32 bit CUDA Fortran exe can not run on 64 bit Windows 7

Hello!

I develop a 32 bit CUDA Fortran console application (exe) by the 32 bit PGI Visual Fortran 13.9 on 32 bit Windows 7. However when I copy this exe onto the 64 bit Windows 7 (in which the 32 & 64 bit PGI Visual Fortran 13.9 has been installed), it can not run. The error message is something like “Copyout <…> … Failed 30…”.

I try to construct a 32 bit console application on the 64 bit Windows 7 and recompile the source code. The compile is success but the run is failed with the same error message.

I write some simple examples to check whether the compilers are installed successfully on 32 & 64 bit Windows 7. The examples can run successfully on both the 32 & 64 bit Windows 7 and prove that the compilers are installed successfully.

I wonder what’s wrong and how to solve these problems?

Thank you!

Nightwish

Hi Nightwish,

I don’t know what would cause this so let’s see if we can narrow it down.

My guess is that the actual failure isn’t the copy out but rather the kernel that’s launched right before it.

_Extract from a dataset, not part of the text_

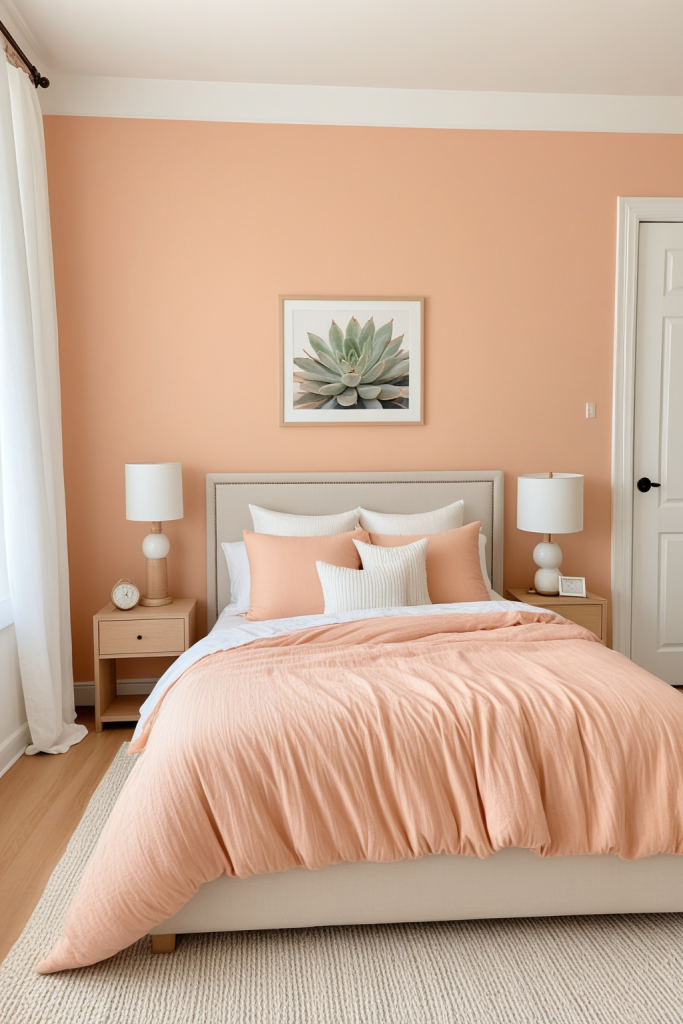 Soft Pastel Bedroom Ideas — Soft Pastel White Mood — interior inspiration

Do you know where this is failing and can you add error checking after the kernel launch?

     
      call mykernel<<<...>>>()
      istat = cudaGetLastError()
      if (istat .ne. 0) then
          print *, "Error at mykernel: ", cudaGetErrorString(istat)
          stop
      endif

Also where are you running the binary from? A PGI DOS cmd window? If so, make sure you’re running from the 32-bit DOS window. Running from the 64-bit window will cause problems since it points to the 64-bit libraries.

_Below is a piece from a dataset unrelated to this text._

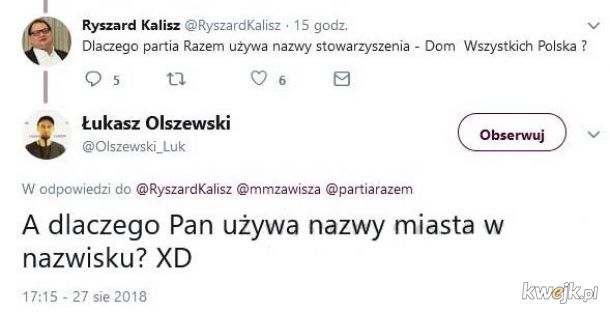 Polska - Kalisz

What device driver versions are you running?

  • Mat

Thanks for your answer!

I know where the error kernel locates and add error checking as you suggested. I get the error message:

Error at CceKernel:
unknown error

I run the exe file through double clicking it. Not from the command window.
As you suggested, I run the exe from the 32-bit command window (PVF for VS 2012 Cmd). But get the same error message as above listed.

The device driver version is 332.88. The card is GeForce GT 730M. The compiler is PGI Visual Fortran 13.9 and the CUDA toolkit is 5.5. Additionally, I also installed the CUDA 6.0 toolkit.

Can you give me an email-address and could I send my source codes to you and could you test it on your 64-bit windows 7? Because the error message is not very clear and seems a little confused. I think if you can test it mannually, it will be easier to solve the problem.

Thank you very much!

Nightwish

Hi Nightwish,

Please send the code to PGI Customer Service (trs@pgroup.com) and ask them to forward it to me. I’ll take look and see what I can determine.

  • Mat

Thank you Mat!

I have sent the zip file of all source codes to the email address you listed. The title of the email is “CUDA Fortran source code from Nightwish, Please send to Mat to debuging”.

Waiting for your good news. Thank you very much!

Nightwish

Hello! Mat

I test the code in another 32-bit Windows 7, a cc 2.1 card is in this computer. Even it is 32-bit OS, the same error accurs.
Therefore I think that the error may not caused by the OS. There may be some bugs in my code, or the error may related to the computation capability of different cards. After checking, I have found the bug.

In the kernel CceKernel. The configuration is <<<1,ngs>>>.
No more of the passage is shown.